Robert verabschiedete sich.
„Sehen wir dich ab und zu im Pub, Robert?“
„Ja gerne, immer wenn ich Gelegenheit habe, schaue ich bei euch rein!“
Sie umarmten sich und Beccy drückte Robert einen schnellen Kuss auf den Mund.
Robert machte das Dinghy los und fuhr über den Sund Richtung Westchapel. Er dachte über Beccy nach. Sie ist eine attraktive Frau, ziemlich kurvig an den Hüften und am Busen, aber vor allem ist es die sie umgebende Aura von Lässigkeit und Genussfähigkeit, die anziehend auf Männer wirkt. Dazu ist sie erfolgreiche Besitzerin eines angesagten Pubs und finanziell unabhängig. Sollte er, Robert, sich in die Reihe der um Beccy buhlenden Männer stellen?

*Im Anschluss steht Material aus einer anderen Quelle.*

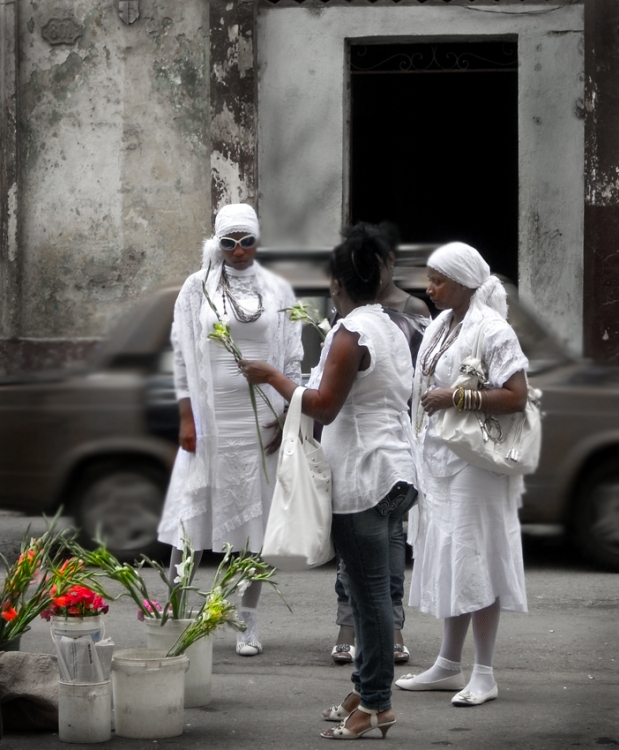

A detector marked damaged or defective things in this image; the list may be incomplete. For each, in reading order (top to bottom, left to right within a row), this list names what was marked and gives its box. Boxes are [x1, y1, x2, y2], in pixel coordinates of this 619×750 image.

peeling paint wall [17, 0, 211, 340]
peeling paint wall [260, 3, 588, 356]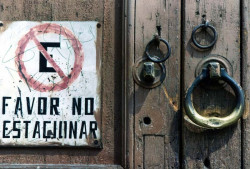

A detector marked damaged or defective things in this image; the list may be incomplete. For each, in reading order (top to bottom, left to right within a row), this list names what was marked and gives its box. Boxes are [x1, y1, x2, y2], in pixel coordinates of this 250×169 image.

Nein, dachte er. Die Affären um Beccy gehen wahrscheinlich einher mit Missgunst und Eifersucht! Allerdings musste er sich eingestehen, dass er wünschte, Sex mit ihr zu haben. Welche Signale hatte sie ihm gegeben? Er beschloss, Kontakt mit ihr zu halten und dabei ihr Umfeld zu beobachten.